The design of the project templates is guided by the following main thoughts:

  1. Separation of logical chunks: A minimal requirement for a project to scale.

  2. Only execute required tasks, automatically: Again required for scalability. It means that the machine needs to know what is meant by a “required task”.

  3. Re-use of code and data instead of copying and pasting: Else you will forget the copy & paste step at some point down the road. At best, this leads to errors; at worst, to misinterpreting the results.

  4. Be as language-agnostic as possible: Make it easy to use the best tool for a particular task and to mix tools in a project.

  5. Separation of inputs and outputs: Required to find your way around in a complex project.

I will not touch upon the last point until the pyorganisation section below. The remainder of this page introduces an example and a general concept of how to think about the first four points.

Running example

To fix ideas, let’s look at the example of Schelling’s (1969, [Sch69]) segregation model, as outlined here in Stachurski’s and Sargent’s online course [SS19]. Please look at their description of the Schelling model. Say we are thinking of two variants for the moment:

  1. Replicate the figures from Stachurski’s and Sargent’s course.

  2. Check what happens when agents are restricted to two random moves per period; after that they have to stop regardless whether they are happy or not.

For each of these variants (called models in the project template and the remainder of this document), you need to perform various steps:

  1. Draw a simulated sample with initial locations (this is taken to be the same across models, partly for demonstration purposes, partly because it assures that the initial distribution is the same across both models)

  2. Run the actual simulation

  3. Visualise the results

  4. Pull everything together in a paper.

It is very useful to explictly distinguish between steps 2. and 3. because computation time in 2. becomes an issue: If you just want to change the layout of a table or the color of a line in a graph, you do not want to wait for days. Not even for 3 minutes or 30 seconds as in this example.

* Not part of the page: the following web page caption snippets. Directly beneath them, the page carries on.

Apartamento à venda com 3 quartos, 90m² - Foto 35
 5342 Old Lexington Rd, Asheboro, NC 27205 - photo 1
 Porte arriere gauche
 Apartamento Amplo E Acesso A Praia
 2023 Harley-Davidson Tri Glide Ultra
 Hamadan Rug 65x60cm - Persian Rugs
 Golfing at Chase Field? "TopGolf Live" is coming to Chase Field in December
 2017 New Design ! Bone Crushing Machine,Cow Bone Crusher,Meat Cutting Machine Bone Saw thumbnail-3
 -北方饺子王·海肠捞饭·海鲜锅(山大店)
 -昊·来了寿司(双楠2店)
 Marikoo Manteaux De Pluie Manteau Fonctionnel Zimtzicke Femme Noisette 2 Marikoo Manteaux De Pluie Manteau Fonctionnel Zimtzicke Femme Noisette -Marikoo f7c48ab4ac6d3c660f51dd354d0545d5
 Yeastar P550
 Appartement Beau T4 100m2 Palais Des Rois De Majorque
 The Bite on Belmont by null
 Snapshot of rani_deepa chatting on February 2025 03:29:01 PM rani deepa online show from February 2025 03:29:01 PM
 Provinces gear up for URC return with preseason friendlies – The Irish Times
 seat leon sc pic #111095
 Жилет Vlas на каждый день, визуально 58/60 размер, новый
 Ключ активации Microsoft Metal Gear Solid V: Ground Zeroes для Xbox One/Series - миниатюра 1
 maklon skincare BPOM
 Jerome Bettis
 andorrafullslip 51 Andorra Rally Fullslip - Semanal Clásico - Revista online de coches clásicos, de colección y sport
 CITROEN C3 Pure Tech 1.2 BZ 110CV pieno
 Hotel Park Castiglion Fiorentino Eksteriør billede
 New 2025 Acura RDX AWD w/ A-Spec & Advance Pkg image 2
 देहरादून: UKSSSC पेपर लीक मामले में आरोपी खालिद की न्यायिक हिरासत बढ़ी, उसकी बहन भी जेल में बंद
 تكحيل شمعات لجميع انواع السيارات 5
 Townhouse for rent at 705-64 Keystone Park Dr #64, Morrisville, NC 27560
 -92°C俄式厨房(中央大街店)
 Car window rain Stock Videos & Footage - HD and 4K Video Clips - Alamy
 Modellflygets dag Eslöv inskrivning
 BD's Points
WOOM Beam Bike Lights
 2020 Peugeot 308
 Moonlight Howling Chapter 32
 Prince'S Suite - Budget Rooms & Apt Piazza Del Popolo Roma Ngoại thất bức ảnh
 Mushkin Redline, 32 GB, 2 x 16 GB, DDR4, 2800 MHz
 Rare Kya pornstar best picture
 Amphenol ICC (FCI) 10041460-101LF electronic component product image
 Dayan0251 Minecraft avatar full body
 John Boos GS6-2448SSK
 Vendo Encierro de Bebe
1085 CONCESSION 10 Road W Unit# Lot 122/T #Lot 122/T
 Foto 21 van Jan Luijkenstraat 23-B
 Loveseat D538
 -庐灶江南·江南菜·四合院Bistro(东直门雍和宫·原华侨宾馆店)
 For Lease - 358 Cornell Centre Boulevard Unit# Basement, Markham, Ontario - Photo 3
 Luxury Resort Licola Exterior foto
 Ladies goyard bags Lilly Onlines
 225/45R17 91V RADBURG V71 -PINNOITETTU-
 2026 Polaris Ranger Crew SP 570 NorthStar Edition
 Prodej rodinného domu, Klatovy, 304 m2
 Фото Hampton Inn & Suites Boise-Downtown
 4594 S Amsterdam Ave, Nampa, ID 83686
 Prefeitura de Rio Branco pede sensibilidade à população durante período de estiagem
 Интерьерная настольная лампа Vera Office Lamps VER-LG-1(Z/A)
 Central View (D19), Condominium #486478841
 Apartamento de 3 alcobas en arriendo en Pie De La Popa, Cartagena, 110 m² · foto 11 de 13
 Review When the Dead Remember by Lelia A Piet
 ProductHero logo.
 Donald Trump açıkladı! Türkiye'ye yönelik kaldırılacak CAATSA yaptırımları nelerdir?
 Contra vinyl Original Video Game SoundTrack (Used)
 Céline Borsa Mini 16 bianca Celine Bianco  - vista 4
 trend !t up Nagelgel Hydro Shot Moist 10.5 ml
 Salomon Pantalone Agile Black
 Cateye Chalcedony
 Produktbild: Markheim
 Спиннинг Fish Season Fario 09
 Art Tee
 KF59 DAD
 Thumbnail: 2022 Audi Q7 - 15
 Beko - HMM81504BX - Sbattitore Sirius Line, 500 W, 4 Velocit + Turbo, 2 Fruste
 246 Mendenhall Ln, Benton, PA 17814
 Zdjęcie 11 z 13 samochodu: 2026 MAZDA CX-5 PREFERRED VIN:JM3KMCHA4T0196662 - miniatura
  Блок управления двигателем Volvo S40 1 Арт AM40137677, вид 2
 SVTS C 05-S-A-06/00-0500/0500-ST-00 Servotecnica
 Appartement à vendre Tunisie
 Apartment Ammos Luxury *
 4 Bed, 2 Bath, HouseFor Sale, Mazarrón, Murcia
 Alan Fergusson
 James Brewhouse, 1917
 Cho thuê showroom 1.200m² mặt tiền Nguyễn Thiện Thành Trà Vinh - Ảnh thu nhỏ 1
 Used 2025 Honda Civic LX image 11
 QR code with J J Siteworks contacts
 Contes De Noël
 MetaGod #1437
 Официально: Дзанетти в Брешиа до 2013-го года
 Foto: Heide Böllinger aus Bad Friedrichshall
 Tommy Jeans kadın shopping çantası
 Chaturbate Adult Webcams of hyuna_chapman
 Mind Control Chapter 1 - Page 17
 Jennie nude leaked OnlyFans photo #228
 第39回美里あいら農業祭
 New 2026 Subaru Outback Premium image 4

How to organise the workflow?

A naïve way to ensure reproducibility is to have a master-script (do-file, m-file, …) that runs each file one after the other. One way to implement that for the above setup would be to have code for each step of the analysis and a loop over both models within each step:

_images/steps_only_full.png

You will still need to manually keep track of whether you need to run a particular step after making changes, though. Or you run everything at once, all the time. Alternatively, you may have code that runs one step after the other for each model:

_images/model_steps_full.png

The equivalent comment applies here: Either keep track of which model needs to be run after making changes manually, or run everything at once.

Ideally though, you want to be even more fine-grained than this and only run individual elements. This is particularly true when your entire computations take some time. In this case, running all steps every time via the master-script simply is not an option. All my research projects ended up running for a long time, no matter how simple they were… The figure shows you that even in this simple example, there are now quite a few parts to remember:

_images/model_steps_select.png

This figure assumes that your data management is being done for all models at once, which is usually a good choice for me. Even with only two models, we need to remember 6 ways to start different programs and how the different tasks depend on each other. This does not scale to serious projects!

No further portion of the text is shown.